An exact retyping of all lines below is the answer; pictures do not belong in it.

▸ **Dataset excerpt**:
^^^^^^^^

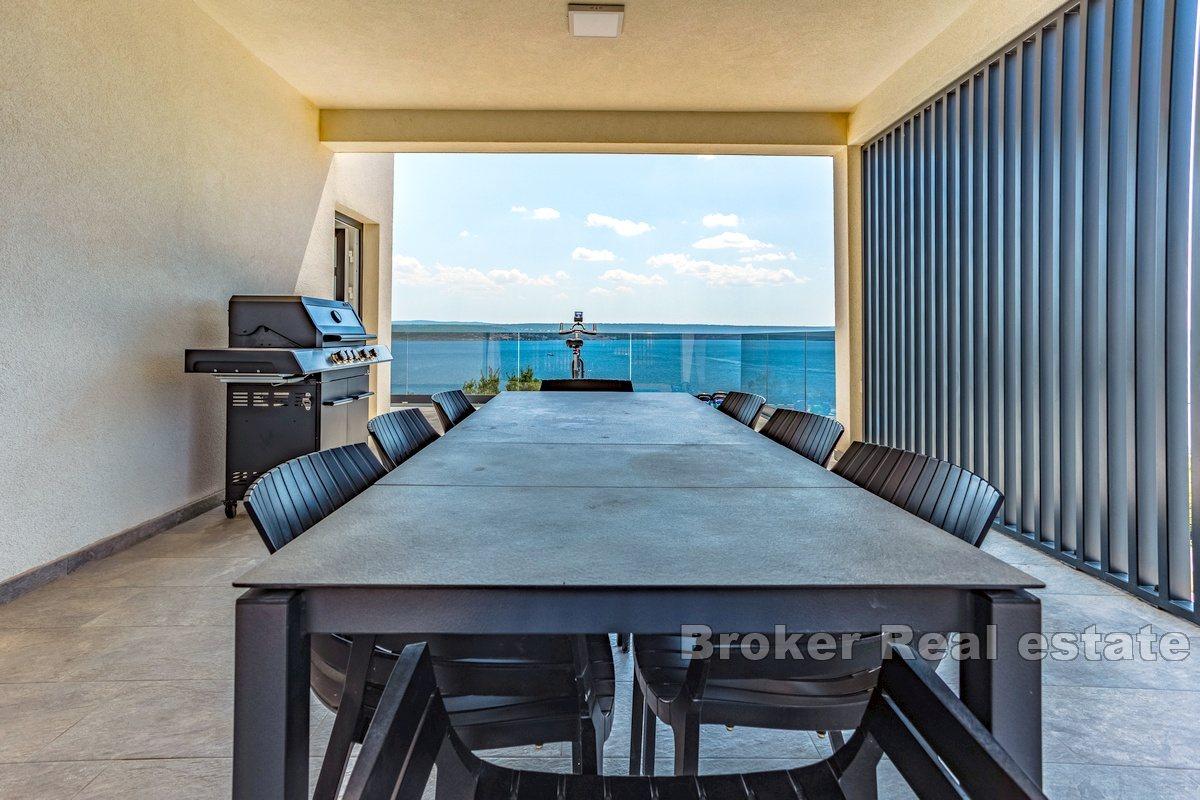 Modern villa near the sea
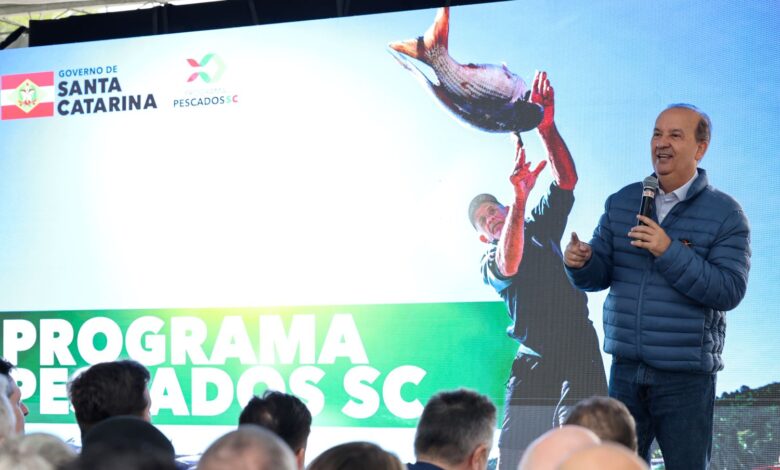 Governo de SC lança maior programa da história para impulsionar pesca e aquicultura no estado
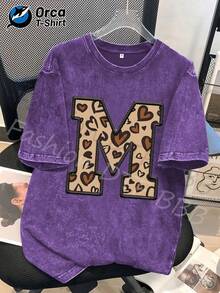 1 camiseta con estampado de leopardo en forma de corazón y la letra M, camiseta de moda de algodón lavado de alta calidad de la marca Orca, camiseta unisex, una opción popular para el uso diario, perfecta para regalar a familiares y amigos en días festivos como Pascua, Día de la Madre y Día de la Independencia. 180g 100% Algodón - Gris - Ver 9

^^^^^^^^

▸ **Exercise response**:
 Modern villa near the sea
 Governo de SC lança maior programa da história para impulsionar pesca e aquicultura no estado
 1 camiseta con estampado de leopardo en forma de corazón y la letra M, camiseta de moda de algodón lavado de alta calidad de la marca Orca, camiseta unisex, una opción popular para el uso diario, perfecta para regalar a familiares y amigos en días festivos como Pascua, Día de la Madre y Día de la Independencia. 180g 100% Algodón - Gris - Ver 9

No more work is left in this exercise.